Closed jwang-lilly closed 4 years ago

jwang-lilly commented 4 years ago

It appears sleep classification has changed significantly between the new models and previous models. I'd greatly appreciate if you could explain what are some of the key improvements. Thanks much.

new models: doherty-may20.tar willetts-may20.tar

old models doherty2018.tar willetts2018.tar

chanshing commented 4 years ago

Hi, can you describe what differences you see in the results? The new models were updated to reflect some changes in the preprocessing/feature engineering. Also, are you using sampleRate 100?
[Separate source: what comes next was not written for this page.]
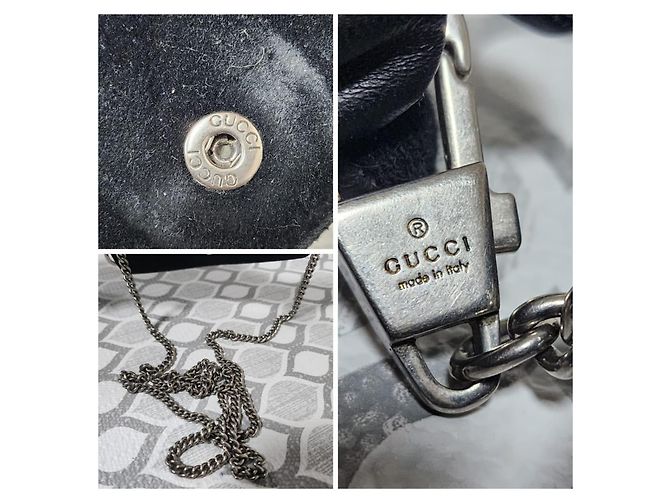 Borsa a tracolla Gucci Velvet Super Mini Dionysus Nera Nero - vista 10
jwang-lilly commented 4 years ago

I'm using sampleRate 50 consistently. 1) Very different in what is considered as sleep vs sendentary. In some cases, assignment appears to be reversed; 2) sleep seems to requires more extended/continous inactivity in the new algorithm vs old one which has very fragmented sleep call. Just want mention that acceleration stays the same so preprocessing/feature engineering doesn't seem to explain the major difference.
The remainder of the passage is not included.